Depth, texture and mystery are not inconsistent with using words that people can actually understand, and too much obscurity can be a mannerism one quickly grows tired of and sees as a ploy to create the illusion of depth on behalf of someone who hasn't much to say and therefore finds it convenient to hide behind an aesthetic that excuses him from having to say anything at all while pretending that much has been said. It's not at all hard to think of great poems that are perfectly clear and comprehensible, though full of texture, subtext, nuance, and all the other good stuff most of us want from poetry. Is there any doubt that the speaker in Western Wind wishes he were home in bed with his girlfriend? That Marvel is trying to seduce his mistress? Are these poems weaker because they are so perfectly and obviously comprehensible? |
Of course, Roger.
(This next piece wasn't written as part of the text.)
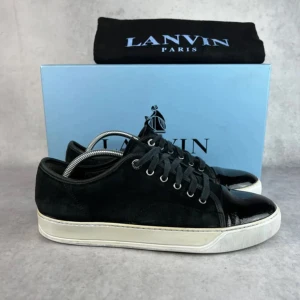 Lanvin  - Snygga svarta sneakers från Lanvin med ovandel i mocka och blanka lackdetaljer på tån och längs snörningen. Skorna har vita platta sulor och klassisk snörning. Perfekta för dig som vill ha en stilren och lyxig look.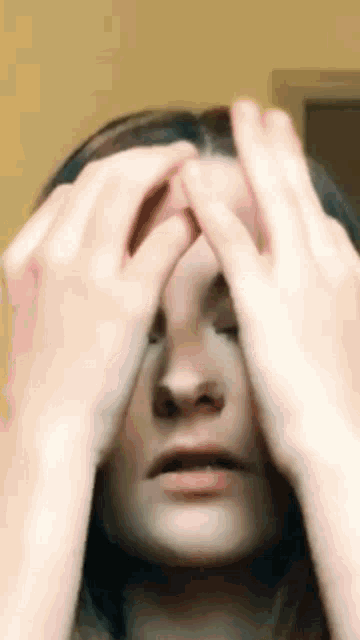 a woman with her eyes closed is holding her head with her hands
There is endless nuance, thank god! But the cry for monolithic comprehensibility too often degenerates into another sort of argument that creates thin work. Meaning is far more complex than such cries of outrage on behalf of that mythic "general reader" give it credit for. And I don't think it any mystery around here that Mr. Hill actually likes a bit of out-and-out incomprehensibility on his dog-eared poetic menu. I defend it as a matter of course. One man's dark is another man's (or woman's) light. Now we've come full circle.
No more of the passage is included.